Весной 1899 года она писала мужу из Швейцарии: «Милый, тут очень прекрасно, но как я буду рада, когда снова буду в Ельдигино! Как говорит Жером (один из швейцарских знакомых. — Б. С.), мы никогда не бываем довольны тем, что у нас есть, это старая истина, но она вечно нова… Он, между прочим, берет в пример Золушку и доказывает, что, в сущности, ее крестная мать поступила очень неосторожно и что, кроме несчастья, ничего не может ожидать Золушку в ее новом положении, но все-таки тут же доказывает, что если она попала бы в другое положение, то все же была несчастлива, потому что не знала бы тогда, что под блеском и богатством может прикрываться горе… И ведь действительно есть такие неспокойные характеры, которые всегда что-то хотят, что-то ищут: да большинство таково. Я знаю, может, только двух или максимум трех, которые были бы довольны своим положением и своей жизнью: да и то они, пожалуй, притворяются…»
Инесса была таким неспокойным, ищущим человеком. Вот и искала она себе занятие, чтобы помочь униженным и оскорбленным, чтобы не тяготиться богатством в море нищеты и страданий.
У Инессы и Александра было пятеро детей. Они в них души не чаяли. Но уже рождение в 1894 году первенца, названного в честь отца Александром, оказалось связано у Инессы с тяжелым духовным кризисом. До этого она верила в Бога, с радостью исполняла все православные обряды. Но Инессу потрясло, что женщине запрещено заходить в церковь в первые шесть недель после рождения младенца. Как вспоминала Крупская: «Волнуясь, стала она пересматривать свое мировоззрение, и прежняя наивная вера ушла в область прошлого». Такое же потрясение, повлекшее пересмотр взглядов на религию, испытала, как мы помним, и сама Надежда Константиновна, только в гораздо более раннем возрасте.

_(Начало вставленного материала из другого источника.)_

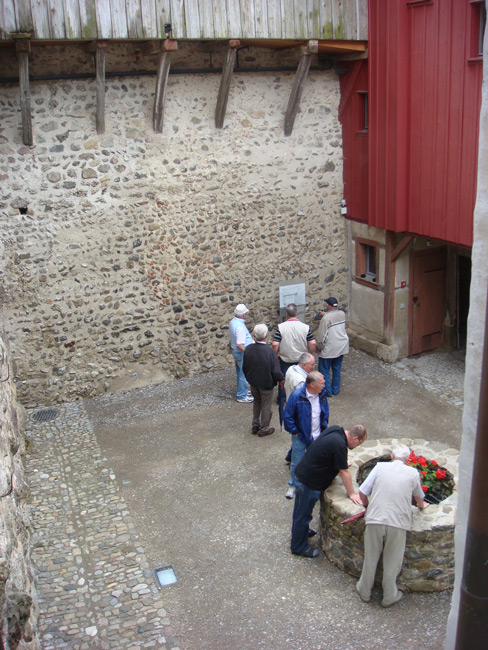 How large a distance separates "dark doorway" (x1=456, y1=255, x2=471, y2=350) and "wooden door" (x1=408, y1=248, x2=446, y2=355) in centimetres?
25

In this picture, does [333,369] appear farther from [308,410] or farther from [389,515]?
[389,515]

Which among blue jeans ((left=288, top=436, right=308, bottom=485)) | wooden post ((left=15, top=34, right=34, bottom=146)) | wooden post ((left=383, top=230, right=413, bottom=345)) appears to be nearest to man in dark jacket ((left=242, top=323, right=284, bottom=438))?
blue jeans ((left=288, top=436, right=308, bottom=485))

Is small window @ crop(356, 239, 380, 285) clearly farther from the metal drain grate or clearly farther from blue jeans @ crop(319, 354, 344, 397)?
the metal drain grate

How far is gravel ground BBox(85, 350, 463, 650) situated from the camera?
5.53 m

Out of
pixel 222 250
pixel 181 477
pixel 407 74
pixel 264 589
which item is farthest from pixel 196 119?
pixel 264 589

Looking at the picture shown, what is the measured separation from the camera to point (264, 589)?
236 inches

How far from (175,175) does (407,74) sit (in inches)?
134

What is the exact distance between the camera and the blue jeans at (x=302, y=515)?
611cm

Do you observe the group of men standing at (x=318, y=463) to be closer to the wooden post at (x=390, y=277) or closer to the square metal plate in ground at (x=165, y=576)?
the square metal plate in ground at (x=165, y=576)

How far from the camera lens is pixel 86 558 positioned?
21.3ft

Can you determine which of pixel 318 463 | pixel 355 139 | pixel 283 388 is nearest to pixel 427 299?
pixel 355 139

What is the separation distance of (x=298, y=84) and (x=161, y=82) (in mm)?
2048

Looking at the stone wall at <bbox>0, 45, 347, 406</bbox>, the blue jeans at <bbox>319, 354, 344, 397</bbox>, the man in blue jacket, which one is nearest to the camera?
the man in blue jacket

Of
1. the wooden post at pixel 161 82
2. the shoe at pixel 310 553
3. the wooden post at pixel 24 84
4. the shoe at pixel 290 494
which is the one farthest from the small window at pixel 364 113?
the shoe at pixel 310 553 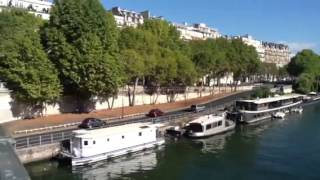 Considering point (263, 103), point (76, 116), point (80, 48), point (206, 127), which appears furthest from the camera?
point (263, 103)

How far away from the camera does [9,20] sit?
80.9 metres

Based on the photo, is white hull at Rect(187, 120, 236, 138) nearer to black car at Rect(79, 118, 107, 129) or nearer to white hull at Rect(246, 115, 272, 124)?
white hull at Rect(246, 115, 272, 124)

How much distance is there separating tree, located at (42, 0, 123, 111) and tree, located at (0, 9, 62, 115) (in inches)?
108

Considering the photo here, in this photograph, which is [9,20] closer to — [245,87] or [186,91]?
[186,91]

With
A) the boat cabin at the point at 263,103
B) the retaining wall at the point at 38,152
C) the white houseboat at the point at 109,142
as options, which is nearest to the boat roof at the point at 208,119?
the white houseboat at the point at 109,142

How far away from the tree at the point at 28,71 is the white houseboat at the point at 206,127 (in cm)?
2015

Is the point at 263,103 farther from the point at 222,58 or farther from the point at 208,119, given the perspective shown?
the point at 222,58

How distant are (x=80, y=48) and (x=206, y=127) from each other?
2243cm

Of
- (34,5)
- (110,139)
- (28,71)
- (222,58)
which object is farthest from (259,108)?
(34,5)

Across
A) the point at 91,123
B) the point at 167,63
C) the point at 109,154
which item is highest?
the point at 167,63

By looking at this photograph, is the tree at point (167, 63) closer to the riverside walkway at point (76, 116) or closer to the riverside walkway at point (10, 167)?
the riverside walkway at point (76, 116)

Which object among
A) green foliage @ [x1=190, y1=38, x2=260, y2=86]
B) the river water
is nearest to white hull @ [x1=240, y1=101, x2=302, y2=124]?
the river water

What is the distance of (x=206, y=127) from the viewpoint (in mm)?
71875

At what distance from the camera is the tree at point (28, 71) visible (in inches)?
2596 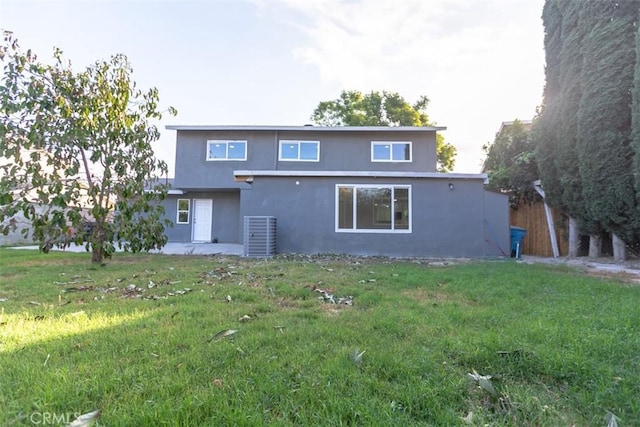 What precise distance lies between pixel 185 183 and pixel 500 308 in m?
13.5

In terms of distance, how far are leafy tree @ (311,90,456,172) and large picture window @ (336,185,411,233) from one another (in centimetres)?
1536

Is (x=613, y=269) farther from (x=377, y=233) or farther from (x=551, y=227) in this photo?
(x=377, y=233)

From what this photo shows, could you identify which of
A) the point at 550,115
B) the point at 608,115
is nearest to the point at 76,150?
the point at 608,115

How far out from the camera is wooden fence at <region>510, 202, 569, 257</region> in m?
10.8

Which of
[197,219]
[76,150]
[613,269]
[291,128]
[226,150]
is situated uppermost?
[291,128]

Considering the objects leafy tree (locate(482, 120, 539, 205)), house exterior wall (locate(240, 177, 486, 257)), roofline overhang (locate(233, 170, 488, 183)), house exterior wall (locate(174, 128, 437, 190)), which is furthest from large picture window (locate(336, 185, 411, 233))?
leafy tree (locate(482, 120, 539, 205))

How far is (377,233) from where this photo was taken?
1027cm

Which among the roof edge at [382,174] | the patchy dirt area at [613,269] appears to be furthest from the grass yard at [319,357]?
the roof edge at [382,174]

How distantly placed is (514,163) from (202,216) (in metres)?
13.5

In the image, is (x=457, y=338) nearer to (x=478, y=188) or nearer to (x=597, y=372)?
(x=597, y=372)

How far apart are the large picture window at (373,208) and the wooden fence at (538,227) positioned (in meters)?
5.25

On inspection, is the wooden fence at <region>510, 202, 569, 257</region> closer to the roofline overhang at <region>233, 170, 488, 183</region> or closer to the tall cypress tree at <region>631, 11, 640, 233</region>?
the roofline overhang at <region>233, 170, 488, 183</region>

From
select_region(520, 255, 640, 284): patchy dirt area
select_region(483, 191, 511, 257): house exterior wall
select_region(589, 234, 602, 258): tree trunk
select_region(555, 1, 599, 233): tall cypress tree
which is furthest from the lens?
select_region(483, 191, 511, 257): house exterior wall

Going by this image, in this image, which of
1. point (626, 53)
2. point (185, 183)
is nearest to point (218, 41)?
point (185, 183) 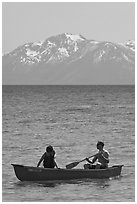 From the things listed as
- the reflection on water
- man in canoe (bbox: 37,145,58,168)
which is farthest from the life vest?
the reflection on water

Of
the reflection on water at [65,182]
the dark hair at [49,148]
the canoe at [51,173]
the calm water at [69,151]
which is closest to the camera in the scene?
the calm water at [69,151]

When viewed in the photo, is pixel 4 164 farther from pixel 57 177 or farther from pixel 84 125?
pixel 84 125

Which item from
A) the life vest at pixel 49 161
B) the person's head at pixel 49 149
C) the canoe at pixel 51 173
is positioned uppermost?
the person's head at pixel 49 149

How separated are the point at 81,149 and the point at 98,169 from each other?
1210cm

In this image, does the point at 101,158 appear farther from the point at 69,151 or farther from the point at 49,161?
the point at 69,151

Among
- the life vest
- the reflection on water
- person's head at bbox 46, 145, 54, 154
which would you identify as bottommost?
the reflection on water

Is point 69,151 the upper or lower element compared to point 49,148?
lower

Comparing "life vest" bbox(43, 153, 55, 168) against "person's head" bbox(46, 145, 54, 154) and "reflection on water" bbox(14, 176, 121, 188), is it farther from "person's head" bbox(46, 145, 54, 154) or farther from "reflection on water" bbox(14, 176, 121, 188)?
"reflection on water" bbox(14, 176, 121, 188)

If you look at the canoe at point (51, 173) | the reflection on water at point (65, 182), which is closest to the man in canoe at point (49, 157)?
the canoe at point (51, 173)

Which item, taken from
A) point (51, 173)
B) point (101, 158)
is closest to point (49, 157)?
point (51, 173)

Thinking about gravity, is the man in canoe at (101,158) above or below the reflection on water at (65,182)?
above

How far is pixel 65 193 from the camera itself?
947 inches

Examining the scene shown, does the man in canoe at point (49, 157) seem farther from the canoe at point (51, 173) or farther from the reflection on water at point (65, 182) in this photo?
the reflection on water at point (65, 182)

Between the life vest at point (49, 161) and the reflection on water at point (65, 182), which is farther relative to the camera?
the reflection on water at point (65, 182) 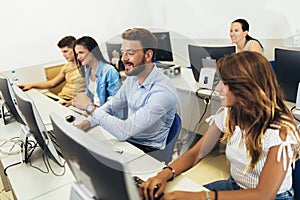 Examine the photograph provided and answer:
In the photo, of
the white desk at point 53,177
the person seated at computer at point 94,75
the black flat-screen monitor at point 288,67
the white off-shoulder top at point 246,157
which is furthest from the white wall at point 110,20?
the white off-shoulder top at point 246,157

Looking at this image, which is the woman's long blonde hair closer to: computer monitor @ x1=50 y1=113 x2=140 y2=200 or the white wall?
computer monitor @ x1=50 y1=113 x2=140 y2=200

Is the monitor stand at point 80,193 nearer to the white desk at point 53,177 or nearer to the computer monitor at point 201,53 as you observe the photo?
the white desk at point 53,177

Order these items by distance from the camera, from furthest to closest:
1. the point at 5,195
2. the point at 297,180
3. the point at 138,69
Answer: the point at 5,195, the point at 138,69, the point at 297,180

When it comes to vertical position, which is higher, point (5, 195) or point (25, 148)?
point (25, 148)

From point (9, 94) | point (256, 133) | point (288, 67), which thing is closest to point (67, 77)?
point (9, 94)

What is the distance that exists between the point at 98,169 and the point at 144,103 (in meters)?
0.91

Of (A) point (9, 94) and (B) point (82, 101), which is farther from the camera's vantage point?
(B) point (82, 101)

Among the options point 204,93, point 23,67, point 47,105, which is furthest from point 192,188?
point 23,67

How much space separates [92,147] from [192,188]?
56 centimetres

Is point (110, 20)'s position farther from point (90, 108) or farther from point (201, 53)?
point (90, 108)

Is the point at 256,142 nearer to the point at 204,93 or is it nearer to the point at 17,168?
the point at 17,168

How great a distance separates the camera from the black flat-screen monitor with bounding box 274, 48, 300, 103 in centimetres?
181

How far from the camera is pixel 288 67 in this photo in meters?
1.85

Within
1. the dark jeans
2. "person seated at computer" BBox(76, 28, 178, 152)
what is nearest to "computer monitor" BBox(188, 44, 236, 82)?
"person seated at computer" BBox(76, 28, 178, 152) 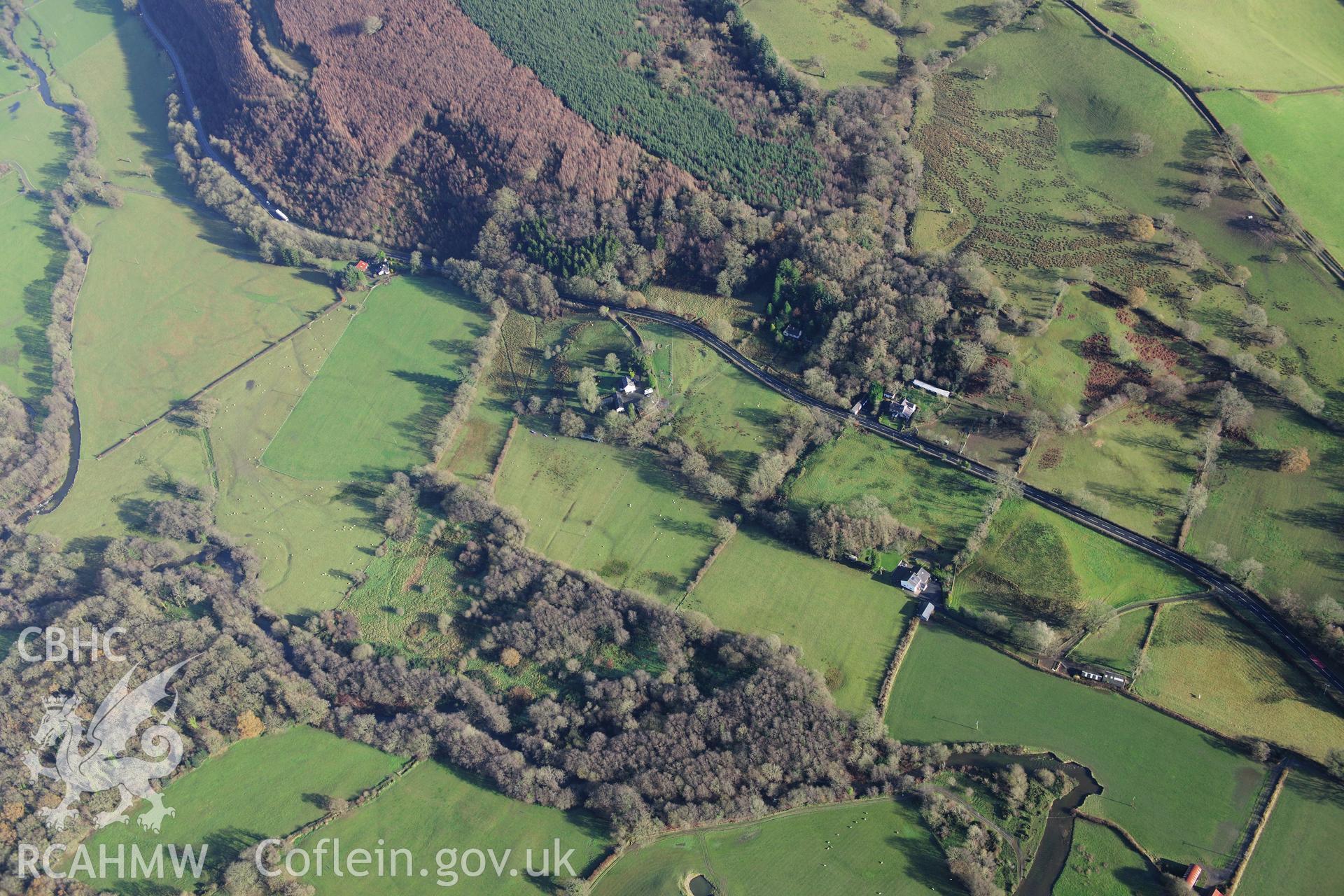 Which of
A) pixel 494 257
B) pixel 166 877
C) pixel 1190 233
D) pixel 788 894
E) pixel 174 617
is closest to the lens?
pixel 788 894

В Ельдигине Александр открыл школу для крестьянских детей, где Инесса была учительницей и официальным попечителем. Она также стала активным участником «Общества улучшения участи женщин», боровшегося с проституцией. В 1900 году она даже стала председателем его московского отделения, хотела выпускать печатный орган общества, но так и не смогла получить на это разрешение властей. Крупская в статье, посвященной памяти своей подруги, отмечала тот переворот, что произошел в душе Инессы: «Темные стороны жизни почти не касались ее лично. Но когда она сталкивалась с ними, она глубоко возмущалась. Она никак не могла, например, примириться с тем, что существует проституция. И Инесса начала работать в московском обществе «по улучшению участи женщин» в отделе по борьбе с проституцией. Она подходила к проституткам не как дама-благотворительница, а как чуткий человек, понимающий чужое горе и нужду. Эта работа наталкивает ее на ряд новых для нее мыслей. Она видит подноготную буржуазного строя, видит нищету, беззащитность трудящихся. С другой стороны, она внимательно всматривается в отношение буржуазного общества к женщине, начиная понимать связь между буржуазным укладом и проституцией. Что же надо сделать? Работа благотворительного общества по помощи проституткам все меньше и меньше удовлетворяет ее. Она видит невозможность помочь делу путем благотворительности. Надо что-то другое. Что? Спросить разве Льва Толстого? Что он посоветует? Один из активных и искренних работников общества отправляется к Толстому. Толстой раздражается: «Ничего из вашей работы не выйдет, так было до Моисея, так было после Моисея, так было, так будет». Инесса видит, что не у Льва Толстого найдет она ответ на вопрос, как помочь делу, — перечитывает Толстого и находит в его произведениях отражение тех взглядов на женщину, с которыми она борется, которые она страстно ненавидит. Это производит на нее такое впечатление, что она престает замечать сильные стороны Толстого.